Bien entendu, lorsqu'il apparaît que des erreurs graves ont été commises dans la procédure d'imposition, l'agent qui les a commises peut, mais cela n'est pas nouveau, faire l'objet de sanctions disciplinaires ou administratives ou, dans un cas extrême, l'Etat, condamné du fait de ces fautes, peut engager une action récursoire à son encontre. Mais un tel cas apparaît comme assez hypothétique, compte tenu du fait que le travail d'un agent est rarement un travail solitaire, et que la procédure d'imposition est gérée davantage par un service que par une personne isolée.
En revanche, l'arrêt "Krupa" présente un risque : celui de voir les agents, en particulier ceux chargés du contrôle, inhibés dans leur action. Tout rappel notifié et devant, par la suite, être abandonné étant une faute en puissance, pouvant faire condamner l'Etat au paiement de dommages importants, le contrôleur pourrait choisir de ne plus prendre de risques, car même s'il ne sera pas personnellement responsable, au sens juridique, de cette condamnation, il en sera à l'origine. Une telle responsabilité morale peut aussi être lourde à porter.
Mais je le dis ici et nous le redirons à tous nos agents avec force et conviction, l'arrêt "Krupa" ne doit en rien modifier leur façon de servir, qui est marquée par un grand professionnalisme et la volonté d'appliquer, toujours dans le respect des droits des contrôlables, la loi fiscale. Rien que la loi fiscale mais toute la loi fiscale, y compris face aux situations de fraude ou d'optimisation agressive.
Lexbase : Craignez-vous la multiplication de recours tendant à mettre en jeu la responsabilité de l'administration ?
Jean-Pierre Lieb : Il est sans doute trop tôt pour le dire. D'un côté, l'arrêt "Krupa" apparaît comme un bouleversement : tout dégrèvement est une faute en puissance. Quelle tentation pour un contribuable, surtout s'il est mal conseillé, de se saisir d'une telle occasion pour obtenir, en plus du dégrèvement et des intérêts moratoires qui, le cas échéant, l'accompagnent, un "bonus", plus ou moins grand.
A l'inverse, j'ai bon espoir que les choses rentreront dans l'ordre, plus ou moins rapidement. L'arrêt "Krupa" pose des limites, qui doivent certes être précisées, mais qui rendront, en pratique, moins attractive une action en responsabilité qu'il n'y paraît. Et la DGFiP espère que le juge administratif sera particulièrement vigilant sur les circonstances dans lesquelles un préjudice direct pourra être retenu.
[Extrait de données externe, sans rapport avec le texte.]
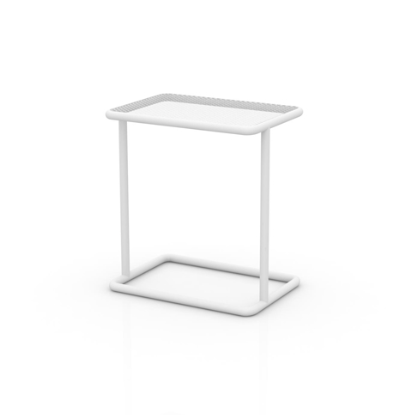 Masuta pentru canapea exterior premium Kes 50x35x55 cm, din otel inoxidabil, 64009 - Vondom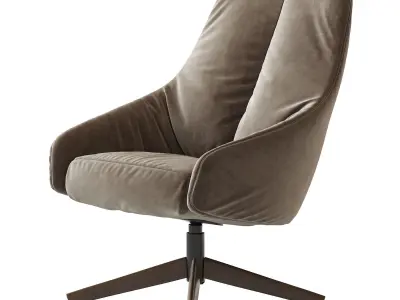 PUK-M-Montis swivel chair velvet 3D model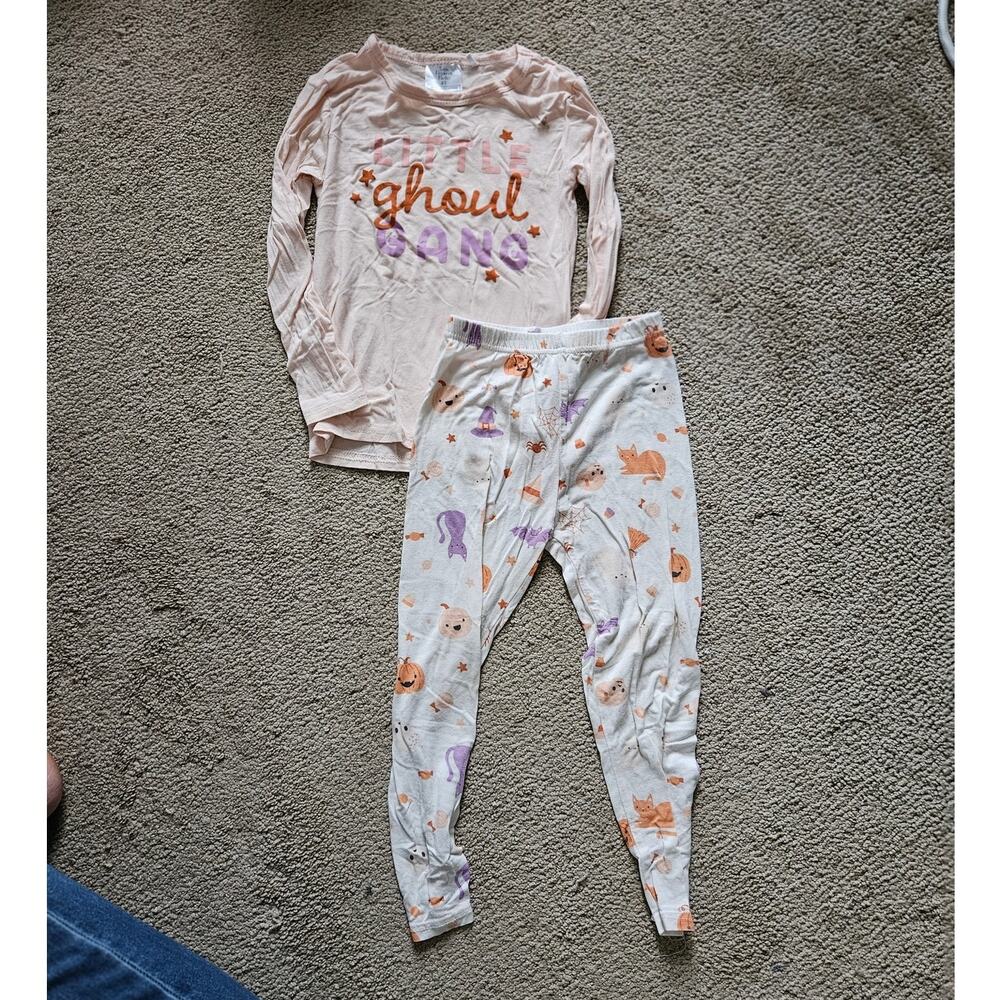 Trés Beau et Belle Little Ghoul Gang Halloween Bamboo Pajamas 4T
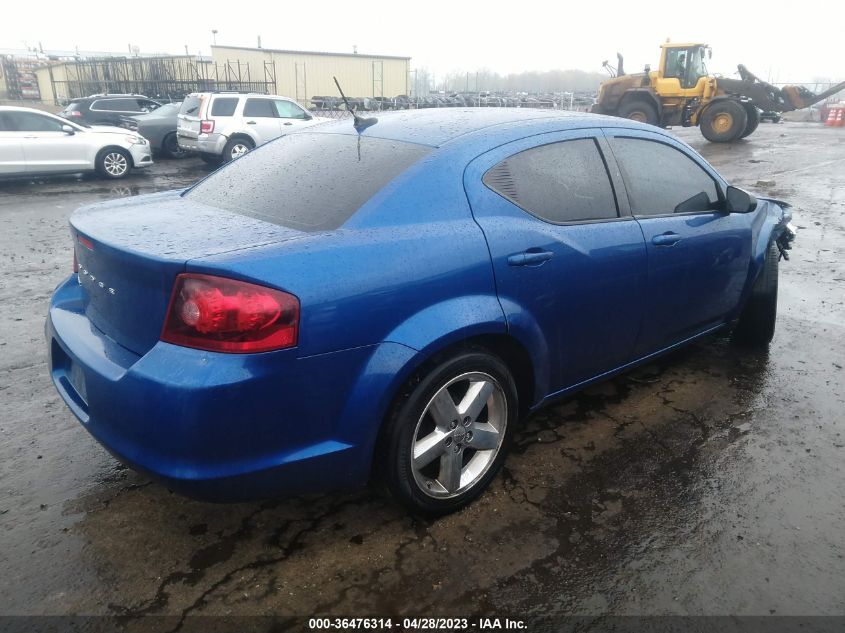 2013 DODGE AVENGER SE - 1C3CDZAB7DN621982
Lorsque les contribuables se rendront compte que la jurisprudence "Krupa" n'ouvre pas un droit automatique à un "bonus" en cas de dégrèvement, et qu'une action en responsabilité a un coût, celui de l'avocat, dont l'intervention est ici obligatoire et celui de la condamnation au paiement de frais irrépétibles que la DGFiP pourra solliciter lorsque la demande sera manifestement fantaisiste et de nature à mobiliser inutilement des agents qui ont des tâches plus importantes pour la collectivité que de traiter de telles demandes, le flux se tarira.
Dans un premier temps, l'administration, comme le juge administratif, sont susceptibles d'avoir à gérer une masse plus importante de contentieux indemnitaires. Mais j'espère sincèrement que les demandeurs, correctement conseillés, ne seront pas tentés par l'illusion d'un enrichissement finalement coûteux et que seules les situations véritablement critiques qui doivent être indemnisées au regard des critères établis par le Conseil d'Etat feront l'objet de tels recours.
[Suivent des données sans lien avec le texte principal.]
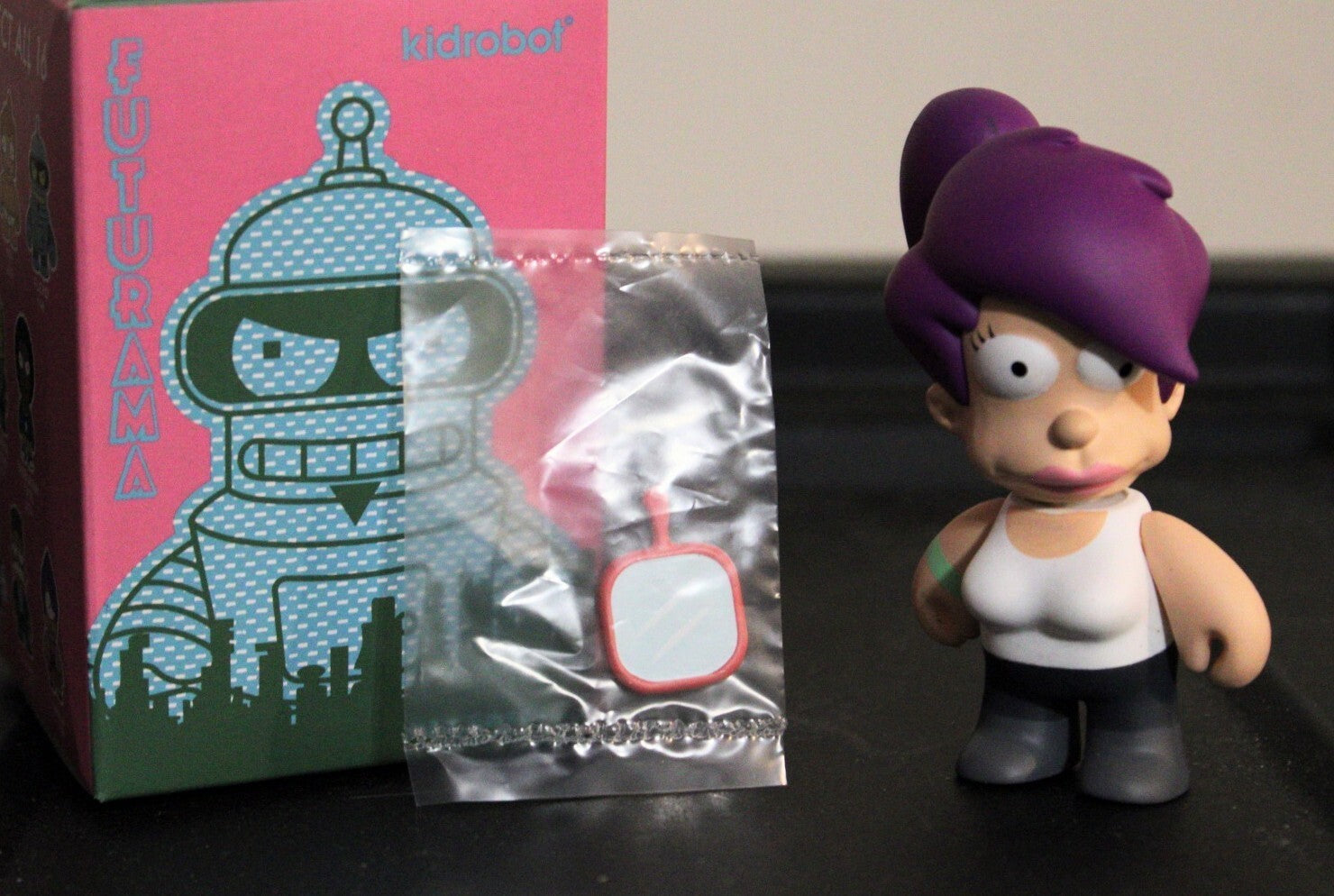 2 Eyed Leela Futurama Kidrobot Good News Everyone Series 3" Mystery Vinyl Figure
Depuis de nombreuses années, notre politique contentieuse est axée sur la prévention des conflits et la réduction du nombre de contentieux juridictionnels. Soyez certaine que nous resterons, en dépit de cette évolution jurisprudentielle, attachés à éviter les occasions où un litige se noue entre le contribuable et l'administration et où, in fine, il est soumis à l'appréciation du juge.